Jorja Fox: Well, Dusty’s pretty – She really came on the music scene in the early ’60s. She was one of the very first women that produced her own music and her own sound. She was one of the very first performers to stand up against Apartheid. In honor of Martin Luther King Day, today, thank you very much for that. She was also one of the first artists to come out as bisexual and lesbian.
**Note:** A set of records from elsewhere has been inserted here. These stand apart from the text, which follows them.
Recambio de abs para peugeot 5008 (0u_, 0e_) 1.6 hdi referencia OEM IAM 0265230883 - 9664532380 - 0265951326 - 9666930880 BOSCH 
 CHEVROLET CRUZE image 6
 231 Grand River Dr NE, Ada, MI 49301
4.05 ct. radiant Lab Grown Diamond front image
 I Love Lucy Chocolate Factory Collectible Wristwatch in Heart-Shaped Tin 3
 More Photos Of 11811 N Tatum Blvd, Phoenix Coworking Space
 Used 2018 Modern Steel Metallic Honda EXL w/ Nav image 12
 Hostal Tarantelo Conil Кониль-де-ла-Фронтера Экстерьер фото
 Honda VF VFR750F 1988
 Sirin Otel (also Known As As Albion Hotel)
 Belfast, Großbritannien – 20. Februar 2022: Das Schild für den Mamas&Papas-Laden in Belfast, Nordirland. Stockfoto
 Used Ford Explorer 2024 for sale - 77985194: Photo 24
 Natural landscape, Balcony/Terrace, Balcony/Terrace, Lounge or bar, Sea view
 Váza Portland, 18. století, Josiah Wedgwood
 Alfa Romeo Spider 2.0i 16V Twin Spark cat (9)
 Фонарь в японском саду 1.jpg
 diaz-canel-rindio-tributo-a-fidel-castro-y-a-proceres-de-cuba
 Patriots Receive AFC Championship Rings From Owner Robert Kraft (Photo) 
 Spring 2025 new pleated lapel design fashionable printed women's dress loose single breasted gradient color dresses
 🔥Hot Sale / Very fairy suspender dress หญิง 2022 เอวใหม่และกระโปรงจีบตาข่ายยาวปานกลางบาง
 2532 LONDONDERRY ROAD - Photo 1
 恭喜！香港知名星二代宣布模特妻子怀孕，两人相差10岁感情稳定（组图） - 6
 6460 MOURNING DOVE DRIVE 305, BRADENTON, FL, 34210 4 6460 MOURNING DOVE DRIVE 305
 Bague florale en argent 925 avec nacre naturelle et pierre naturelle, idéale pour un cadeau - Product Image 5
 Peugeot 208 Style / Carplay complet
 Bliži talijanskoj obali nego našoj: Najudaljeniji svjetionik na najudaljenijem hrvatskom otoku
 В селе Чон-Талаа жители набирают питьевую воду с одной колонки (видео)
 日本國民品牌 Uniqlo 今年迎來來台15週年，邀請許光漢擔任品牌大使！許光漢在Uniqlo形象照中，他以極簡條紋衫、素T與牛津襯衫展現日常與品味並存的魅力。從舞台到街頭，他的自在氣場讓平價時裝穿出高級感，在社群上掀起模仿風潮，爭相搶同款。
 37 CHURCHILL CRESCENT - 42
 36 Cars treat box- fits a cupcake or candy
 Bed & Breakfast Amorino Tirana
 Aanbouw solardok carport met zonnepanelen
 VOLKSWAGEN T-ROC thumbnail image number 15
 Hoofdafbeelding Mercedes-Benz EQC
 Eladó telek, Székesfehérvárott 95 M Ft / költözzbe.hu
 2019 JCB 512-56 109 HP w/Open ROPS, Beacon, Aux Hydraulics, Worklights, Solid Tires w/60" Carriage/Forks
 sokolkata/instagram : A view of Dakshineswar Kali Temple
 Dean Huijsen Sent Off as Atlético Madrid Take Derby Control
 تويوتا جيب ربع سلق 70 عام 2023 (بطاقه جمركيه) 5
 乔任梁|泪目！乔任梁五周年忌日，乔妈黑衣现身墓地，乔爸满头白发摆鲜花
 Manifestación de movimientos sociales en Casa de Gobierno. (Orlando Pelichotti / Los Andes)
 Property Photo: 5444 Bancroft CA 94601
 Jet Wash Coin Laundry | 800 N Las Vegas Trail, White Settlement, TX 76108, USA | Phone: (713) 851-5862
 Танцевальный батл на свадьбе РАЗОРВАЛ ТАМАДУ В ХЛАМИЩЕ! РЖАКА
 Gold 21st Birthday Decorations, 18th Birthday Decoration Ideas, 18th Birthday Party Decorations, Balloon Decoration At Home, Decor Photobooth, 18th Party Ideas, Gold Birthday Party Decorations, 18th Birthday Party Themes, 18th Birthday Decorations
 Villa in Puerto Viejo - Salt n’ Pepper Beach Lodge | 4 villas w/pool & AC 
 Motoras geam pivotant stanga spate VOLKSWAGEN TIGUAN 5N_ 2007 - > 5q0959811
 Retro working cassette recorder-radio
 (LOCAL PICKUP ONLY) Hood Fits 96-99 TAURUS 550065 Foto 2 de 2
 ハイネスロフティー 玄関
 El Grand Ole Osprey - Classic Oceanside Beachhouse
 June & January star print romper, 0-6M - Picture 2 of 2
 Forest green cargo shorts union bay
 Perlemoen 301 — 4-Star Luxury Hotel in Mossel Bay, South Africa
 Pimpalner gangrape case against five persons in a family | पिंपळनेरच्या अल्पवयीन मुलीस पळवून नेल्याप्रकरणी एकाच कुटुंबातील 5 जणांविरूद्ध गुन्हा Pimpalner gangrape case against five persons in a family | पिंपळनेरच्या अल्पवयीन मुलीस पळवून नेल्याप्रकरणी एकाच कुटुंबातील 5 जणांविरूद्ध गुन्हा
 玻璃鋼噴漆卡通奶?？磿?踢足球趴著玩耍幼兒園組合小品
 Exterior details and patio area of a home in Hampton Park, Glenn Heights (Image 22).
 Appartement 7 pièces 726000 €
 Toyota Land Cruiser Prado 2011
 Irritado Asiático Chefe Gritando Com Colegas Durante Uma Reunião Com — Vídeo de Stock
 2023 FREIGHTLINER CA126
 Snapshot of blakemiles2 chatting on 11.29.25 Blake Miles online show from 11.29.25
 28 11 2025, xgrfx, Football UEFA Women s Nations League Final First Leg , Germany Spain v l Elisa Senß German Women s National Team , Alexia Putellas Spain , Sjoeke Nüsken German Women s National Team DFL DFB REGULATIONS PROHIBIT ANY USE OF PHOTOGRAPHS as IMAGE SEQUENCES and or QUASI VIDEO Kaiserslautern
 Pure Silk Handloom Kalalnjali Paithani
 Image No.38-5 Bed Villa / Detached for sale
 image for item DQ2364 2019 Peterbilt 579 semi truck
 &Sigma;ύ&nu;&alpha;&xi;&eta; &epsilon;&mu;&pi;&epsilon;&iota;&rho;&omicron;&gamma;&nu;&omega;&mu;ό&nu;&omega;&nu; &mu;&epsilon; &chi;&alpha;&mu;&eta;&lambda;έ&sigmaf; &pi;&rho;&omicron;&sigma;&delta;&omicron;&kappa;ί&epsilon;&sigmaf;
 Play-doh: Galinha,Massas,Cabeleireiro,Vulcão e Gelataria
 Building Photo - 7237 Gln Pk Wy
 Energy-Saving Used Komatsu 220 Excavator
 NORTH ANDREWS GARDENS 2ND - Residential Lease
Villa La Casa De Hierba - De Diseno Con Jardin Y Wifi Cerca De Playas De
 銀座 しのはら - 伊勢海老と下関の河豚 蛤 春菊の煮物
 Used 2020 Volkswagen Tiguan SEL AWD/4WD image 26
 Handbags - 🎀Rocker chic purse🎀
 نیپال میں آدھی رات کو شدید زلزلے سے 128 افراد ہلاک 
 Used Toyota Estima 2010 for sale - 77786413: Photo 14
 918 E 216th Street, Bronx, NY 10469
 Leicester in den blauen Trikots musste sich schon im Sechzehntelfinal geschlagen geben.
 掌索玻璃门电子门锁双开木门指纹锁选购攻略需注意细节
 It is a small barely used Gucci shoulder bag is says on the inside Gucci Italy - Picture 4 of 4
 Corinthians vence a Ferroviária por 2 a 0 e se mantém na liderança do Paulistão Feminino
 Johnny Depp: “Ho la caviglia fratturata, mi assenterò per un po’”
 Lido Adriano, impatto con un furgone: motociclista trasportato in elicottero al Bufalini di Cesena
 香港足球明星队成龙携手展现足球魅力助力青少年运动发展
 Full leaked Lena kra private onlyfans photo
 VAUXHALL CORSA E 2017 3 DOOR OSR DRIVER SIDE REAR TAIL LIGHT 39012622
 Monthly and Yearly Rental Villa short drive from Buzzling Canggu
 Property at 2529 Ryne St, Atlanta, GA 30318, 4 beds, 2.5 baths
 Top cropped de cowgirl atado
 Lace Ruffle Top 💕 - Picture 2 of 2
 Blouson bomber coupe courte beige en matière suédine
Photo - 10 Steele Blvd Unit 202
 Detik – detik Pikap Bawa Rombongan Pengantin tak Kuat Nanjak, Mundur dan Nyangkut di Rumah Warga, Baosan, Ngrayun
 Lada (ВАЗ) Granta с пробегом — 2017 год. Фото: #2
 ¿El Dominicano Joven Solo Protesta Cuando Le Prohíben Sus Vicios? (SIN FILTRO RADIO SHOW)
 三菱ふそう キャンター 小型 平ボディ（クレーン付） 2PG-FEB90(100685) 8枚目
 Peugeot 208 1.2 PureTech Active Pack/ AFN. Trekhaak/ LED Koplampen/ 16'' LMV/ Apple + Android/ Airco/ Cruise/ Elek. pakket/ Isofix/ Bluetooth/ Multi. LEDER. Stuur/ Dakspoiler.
Like way before David Bowie and all those guys. So she’s a very brave lady. She dealt with substance abuse and breast cancer. We’re going to tell some of that in the story, it’s almost – it’s kind of too rich a life to tell it all in 90 minutes.

Ian Harvie: Right.

Jorja Fox: We’ll also perform, I think, 10? Dusty Springfield songs. Or 11. And the band’s amazing, the story’s amazing, Kirsten’s amazing. You’ll get to see her in a second.

Ian Harvie: Alright. Fantastic. There is one question that I’m sure is on everybody’s mind here. That everybody’s probably wanted to ask you, and I don’t know if anybody’s ever asked you this before.

Jorja Fox: Really?

Ian Harvie: And I know it’s kinda one of those things that maybe, you know, that in this sort of atmosphere I could probably ask it, and it would be okay. I guess I just want to ask, what was it like to film that After School Special back in 93?

Ian Harvie: Was it 93? I’m sorry, what year was that?

Jorja Fox: Gaaaaahd. You know- I can’t believe you asked me that. No comment. I don’t talk about that.

Ian Harvie: Fair enough, fair enough.

Jorja Fox: Cool. Alright, cool.

Ian Harvie: Fair enough. Jorja Fox, everybody! Thank you so much.